- _Data provided_:

▶

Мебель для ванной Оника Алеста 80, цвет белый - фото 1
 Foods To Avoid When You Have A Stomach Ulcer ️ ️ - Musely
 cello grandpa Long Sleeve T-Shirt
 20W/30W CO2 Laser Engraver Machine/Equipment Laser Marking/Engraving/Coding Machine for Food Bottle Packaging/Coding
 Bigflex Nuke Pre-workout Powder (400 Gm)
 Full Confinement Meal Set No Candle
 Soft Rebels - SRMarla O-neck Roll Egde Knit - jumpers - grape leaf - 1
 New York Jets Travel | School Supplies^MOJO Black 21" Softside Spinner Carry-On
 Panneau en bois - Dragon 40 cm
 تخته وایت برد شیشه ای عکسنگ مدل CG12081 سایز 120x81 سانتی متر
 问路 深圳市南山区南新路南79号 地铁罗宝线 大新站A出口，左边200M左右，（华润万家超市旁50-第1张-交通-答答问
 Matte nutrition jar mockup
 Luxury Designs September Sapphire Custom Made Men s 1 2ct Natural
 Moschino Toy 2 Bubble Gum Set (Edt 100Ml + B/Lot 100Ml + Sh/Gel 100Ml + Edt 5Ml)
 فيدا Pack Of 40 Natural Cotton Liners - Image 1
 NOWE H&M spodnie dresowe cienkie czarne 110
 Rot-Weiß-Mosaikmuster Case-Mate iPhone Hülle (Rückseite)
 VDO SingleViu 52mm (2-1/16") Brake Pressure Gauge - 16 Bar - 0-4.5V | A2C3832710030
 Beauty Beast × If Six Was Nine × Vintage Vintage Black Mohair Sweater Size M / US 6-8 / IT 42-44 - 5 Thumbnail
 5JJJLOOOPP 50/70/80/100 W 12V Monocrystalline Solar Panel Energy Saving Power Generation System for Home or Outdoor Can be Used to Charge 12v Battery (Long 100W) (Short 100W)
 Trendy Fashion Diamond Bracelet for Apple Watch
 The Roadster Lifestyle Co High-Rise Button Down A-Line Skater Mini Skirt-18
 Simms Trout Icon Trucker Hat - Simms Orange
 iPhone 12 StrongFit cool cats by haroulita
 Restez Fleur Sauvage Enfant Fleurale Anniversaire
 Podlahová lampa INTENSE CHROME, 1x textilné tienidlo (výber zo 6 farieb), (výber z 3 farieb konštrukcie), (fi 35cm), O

◀

- _Brief_: Everything starting at the line containing "The Roadster Lifestyle" and ending at the line containing "Restez Fleur Sauvage" in the records above should be repeated exactly, and only that.

- _Result_:
 The Roadster Lifestyle Co High-Rise Button Down A-Line Skater Mini Skirt-18
 Simms Trout Icon Trucker Hat - Simms Orange
 iPhone 12 StrongFit cool cats by haroulita
 Restez Fleur Sauvage Enfant Fleurale Anniversaire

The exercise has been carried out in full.